TASK INSTRUCTIONS.
Below are lines of data; restate word for word those running from the line containing "217 Devenger Rd, Greer, SC" to the line containing "Bellevie Fermob Sessel", inclusive, and no others.

%%

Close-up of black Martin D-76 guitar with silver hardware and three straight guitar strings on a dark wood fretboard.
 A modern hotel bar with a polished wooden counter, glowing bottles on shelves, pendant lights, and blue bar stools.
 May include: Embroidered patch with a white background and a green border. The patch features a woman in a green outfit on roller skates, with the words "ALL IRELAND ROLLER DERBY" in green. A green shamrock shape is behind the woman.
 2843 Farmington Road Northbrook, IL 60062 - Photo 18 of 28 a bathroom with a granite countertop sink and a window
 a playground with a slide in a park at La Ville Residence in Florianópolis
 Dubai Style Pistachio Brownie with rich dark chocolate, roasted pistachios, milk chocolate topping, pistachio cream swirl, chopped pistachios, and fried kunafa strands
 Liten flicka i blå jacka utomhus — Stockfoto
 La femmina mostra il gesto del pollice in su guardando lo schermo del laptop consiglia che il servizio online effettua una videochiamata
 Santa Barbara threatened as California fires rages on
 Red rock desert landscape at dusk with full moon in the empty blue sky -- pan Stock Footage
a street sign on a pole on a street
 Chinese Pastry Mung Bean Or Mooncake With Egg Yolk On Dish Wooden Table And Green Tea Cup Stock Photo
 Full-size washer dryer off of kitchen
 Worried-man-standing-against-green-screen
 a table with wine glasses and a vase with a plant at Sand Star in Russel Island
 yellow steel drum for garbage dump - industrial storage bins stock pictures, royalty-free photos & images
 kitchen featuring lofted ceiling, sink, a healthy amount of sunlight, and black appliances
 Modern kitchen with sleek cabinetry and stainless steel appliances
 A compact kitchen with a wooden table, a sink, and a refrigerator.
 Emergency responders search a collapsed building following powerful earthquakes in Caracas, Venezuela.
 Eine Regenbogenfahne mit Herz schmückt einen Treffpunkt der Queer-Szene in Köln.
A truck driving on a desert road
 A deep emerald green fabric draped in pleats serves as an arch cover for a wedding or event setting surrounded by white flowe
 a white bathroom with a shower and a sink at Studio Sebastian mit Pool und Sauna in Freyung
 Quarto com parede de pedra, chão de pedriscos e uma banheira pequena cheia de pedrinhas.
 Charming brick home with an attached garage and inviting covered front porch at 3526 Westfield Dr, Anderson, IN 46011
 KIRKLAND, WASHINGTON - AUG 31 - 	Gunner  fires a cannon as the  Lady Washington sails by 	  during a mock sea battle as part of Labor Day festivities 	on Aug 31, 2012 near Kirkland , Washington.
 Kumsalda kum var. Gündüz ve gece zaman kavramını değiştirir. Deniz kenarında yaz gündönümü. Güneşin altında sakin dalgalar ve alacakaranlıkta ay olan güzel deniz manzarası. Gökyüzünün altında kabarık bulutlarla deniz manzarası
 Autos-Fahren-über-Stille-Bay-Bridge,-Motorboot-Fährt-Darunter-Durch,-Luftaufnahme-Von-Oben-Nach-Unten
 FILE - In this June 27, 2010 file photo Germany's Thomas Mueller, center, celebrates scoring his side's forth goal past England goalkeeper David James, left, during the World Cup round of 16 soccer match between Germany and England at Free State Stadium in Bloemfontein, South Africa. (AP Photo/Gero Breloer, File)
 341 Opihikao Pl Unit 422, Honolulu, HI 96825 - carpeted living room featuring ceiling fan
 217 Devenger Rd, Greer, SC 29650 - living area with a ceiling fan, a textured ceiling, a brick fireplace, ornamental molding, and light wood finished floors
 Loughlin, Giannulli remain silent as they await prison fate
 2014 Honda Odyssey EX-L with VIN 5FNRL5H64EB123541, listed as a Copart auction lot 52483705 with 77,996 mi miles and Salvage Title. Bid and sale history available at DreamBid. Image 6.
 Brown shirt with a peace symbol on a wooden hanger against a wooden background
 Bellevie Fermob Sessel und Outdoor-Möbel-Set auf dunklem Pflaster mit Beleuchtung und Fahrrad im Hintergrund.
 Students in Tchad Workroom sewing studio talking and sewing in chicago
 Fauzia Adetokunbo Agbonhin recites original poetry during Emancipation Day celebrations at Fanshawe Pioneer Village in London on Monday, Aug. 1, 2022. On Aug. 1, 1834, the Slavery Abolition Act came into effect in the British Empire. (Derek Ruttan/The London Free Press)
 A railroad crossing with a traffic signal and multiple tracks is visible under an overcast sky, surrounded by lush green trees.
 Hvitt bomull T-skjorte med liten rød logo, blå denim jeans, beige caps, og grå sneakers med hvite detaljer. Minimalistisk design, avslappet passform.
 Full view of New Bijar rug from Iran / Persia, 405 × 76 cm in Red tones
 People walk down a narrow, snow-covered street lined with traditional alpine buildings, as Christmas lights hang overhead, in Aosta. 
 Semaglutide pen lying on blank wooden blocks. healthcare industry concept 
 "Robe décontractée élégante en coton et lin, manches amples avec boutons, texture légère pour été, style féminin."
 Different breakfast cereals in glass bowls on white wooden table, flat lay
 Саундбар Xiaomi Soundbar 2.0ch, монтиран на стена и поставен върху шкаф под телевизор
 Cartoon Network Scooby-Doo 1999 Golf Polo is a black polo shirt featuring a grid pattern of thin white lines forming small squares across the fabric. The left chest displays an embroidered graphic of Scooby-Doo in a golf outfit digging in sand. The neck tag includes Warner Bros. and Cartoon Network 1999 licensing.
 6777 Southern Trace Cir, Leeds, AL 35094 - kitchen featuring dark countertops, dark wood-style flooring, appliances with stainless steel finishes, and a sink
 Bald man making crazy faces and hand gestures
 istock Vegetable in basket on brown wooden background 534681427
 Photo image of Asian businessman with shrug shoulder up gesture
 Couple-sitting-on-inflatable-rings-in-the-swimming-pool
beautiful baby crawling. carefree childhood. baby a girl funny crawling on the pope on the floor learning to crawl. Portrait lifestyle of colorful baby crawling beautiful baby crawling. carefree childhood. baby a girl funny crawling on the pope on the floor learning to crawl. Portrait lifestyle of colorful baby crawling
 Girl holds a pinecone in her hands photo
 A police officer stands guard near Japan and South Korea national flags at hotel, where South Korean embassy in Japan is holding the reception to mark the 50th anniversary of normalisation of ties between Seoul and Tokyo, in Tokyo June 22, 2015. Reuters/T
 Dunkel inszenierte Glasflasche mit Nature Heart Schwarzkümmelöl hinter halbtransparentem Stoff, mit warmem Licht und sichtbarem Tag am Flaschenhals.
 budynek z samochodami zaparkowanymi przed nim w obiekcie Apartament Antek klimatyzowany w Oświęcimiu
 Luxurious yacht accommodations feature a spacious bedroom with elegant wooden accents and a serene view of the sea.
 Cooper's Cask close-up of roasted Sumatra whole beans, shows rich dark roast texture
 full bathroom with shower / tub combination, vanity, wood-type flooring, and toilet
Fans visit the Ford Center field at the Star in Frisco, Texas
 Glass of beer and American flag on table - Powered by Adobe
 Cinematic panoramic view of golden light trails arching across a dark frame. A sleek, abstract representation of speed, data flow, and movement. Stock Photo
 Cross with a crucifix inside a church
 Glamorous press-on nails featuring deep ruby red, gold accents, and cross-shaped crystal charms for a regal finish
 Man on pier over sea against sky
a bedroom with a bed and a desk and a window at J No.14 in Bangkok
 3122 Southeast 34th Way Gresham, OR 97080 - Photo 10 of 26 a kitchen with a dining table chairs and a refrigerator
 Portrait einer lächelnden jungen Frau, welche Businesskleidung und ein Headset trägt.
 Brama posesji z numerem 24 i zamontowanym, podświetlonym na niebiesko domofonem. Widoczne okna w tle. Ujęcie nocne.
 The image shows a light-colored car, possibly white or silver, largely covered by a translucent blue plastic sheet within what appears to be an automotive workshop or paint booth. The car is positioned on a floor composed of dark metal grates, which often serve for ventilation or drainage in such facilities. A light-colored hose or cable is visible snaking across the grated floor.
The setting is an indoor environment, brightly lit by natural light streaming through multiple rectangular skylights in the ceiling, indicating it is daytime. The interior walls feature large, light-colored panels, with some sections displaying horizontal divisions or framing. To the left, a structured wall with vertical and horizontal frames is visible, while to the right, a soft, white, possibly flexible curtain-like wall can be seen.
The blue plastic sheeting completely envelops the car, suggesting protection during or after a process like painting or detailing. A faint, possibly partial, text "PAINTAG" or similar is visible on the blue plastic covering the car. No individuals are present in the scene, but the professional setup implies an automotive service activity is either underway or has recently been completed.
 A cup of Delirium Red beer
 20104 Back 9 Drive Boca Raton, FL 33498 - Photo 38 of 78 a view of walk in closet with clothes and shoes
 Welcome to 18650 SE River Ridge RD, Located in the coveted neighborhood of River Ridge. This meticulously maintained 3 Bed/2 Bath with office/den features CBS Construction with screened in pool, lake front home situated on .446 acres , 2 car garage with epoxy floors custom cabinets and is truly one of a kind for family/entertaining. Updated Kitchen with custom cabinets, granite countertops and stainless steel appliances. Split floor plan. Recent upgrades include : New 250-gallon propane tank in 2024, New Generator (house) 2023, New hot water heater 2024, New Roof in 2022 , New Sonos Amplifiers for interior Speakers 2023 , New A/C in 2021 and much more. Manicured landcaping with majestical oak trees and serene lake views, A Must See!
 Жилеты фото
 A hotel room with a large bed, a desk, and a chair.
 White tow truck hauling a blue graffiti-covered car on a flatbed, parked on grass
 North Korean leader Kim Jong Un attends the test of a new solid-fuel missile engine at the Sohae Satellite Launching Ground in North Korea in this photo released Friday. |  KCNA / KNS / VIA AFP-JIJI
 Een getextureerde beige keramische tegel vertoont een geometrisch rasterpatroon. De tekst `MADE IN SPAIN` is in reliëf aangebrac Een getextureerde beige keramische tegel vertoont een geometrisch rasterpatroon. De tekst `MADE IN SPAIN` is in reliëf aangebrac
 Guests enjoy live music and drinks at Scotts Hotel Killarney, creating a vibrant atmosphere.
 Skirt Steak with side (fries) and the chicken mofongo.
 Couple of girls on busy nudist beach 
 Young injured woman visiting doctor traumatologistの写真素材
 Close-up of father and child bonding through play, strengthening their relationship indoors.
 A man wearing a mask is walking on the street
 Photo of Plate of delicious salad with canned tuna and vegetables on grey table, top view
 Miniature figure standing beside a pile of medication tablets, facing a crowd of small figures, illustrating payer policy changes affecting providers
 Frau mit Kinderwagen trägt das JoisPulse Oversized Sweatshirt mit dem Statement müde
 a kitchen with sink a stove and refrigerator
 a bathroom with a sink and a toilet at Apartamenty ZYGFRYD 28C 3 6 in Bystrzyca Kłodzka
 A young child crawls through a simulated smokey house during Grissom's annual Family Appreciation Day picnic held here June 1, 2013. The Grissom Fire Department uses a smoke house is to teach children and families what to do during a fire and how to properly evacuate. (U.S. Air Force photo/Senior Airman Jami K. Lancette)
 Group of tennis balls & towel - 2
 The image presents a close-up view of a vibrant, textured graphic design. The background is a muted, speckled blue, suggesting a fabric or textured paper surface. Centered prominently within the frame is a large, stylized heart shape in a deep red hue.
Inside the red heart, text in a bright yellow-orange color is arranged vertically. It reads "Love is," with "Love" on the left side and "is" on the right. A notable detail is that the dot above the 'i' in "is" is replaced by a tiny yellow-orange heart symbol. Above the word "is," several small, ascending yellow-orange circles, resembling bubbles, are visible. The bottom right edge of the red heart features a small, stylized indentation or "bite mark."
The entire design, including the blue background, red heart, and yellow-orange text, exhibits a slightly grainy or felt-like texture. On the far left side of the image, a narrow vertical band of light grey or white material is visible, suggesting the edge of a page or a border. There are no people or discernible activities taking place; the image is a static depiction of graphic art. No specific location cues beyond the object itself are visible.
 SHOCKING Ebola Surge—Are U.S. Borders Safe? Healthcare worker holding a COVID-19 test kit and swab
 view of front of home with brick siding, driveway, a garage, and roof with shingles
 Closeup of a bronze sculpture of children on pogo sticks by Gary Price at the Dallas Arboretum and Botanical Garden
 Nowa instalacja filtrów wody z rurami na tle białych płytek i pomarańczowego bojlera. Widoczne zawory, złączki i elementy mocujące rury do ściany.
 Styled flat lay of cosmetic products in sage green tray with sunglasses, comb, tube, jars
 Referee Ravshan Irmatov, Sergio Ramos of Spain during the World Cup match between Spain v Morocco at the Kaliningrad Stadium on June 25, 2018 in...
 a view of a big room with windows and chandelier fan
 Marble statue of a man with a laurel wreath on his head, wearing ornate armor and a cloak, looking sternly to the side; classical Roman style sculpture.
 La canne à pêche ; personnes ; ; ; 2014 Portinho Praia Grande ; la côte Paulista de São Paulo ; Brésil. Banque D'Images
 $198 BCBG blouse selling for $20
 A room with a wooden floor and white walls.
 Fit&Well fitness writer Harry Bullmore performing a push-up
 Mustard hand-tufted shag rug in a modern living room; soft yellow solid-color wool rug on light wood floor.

%%

RESULT OF THE EXERCISE.
 217 Devenger Rd, Greer, SC 29650 - living area with a ceiling fan, a textured ceiling, a brick fireplace, ornamental molding, and light wood finished floors
 Loughlin, Giannulli remain silent as they await prison fate
 2014 Honda Odyssey EX-L with VIN 5FNRL5H64EB123541, listed as a Copart auction lot 52483705 with 77,996 mi miles and Salvage Title. Bid and sale history available at DreamBid. Image 6.
 Brown shirt with a peace symbol on a wooden hanger against a wooden background
 Bellevie Fermob Sessel und Outdoor-Möbel-Set auf dunklem Pflaster mit Beleuchtung und Fahrrad im Hintergrund.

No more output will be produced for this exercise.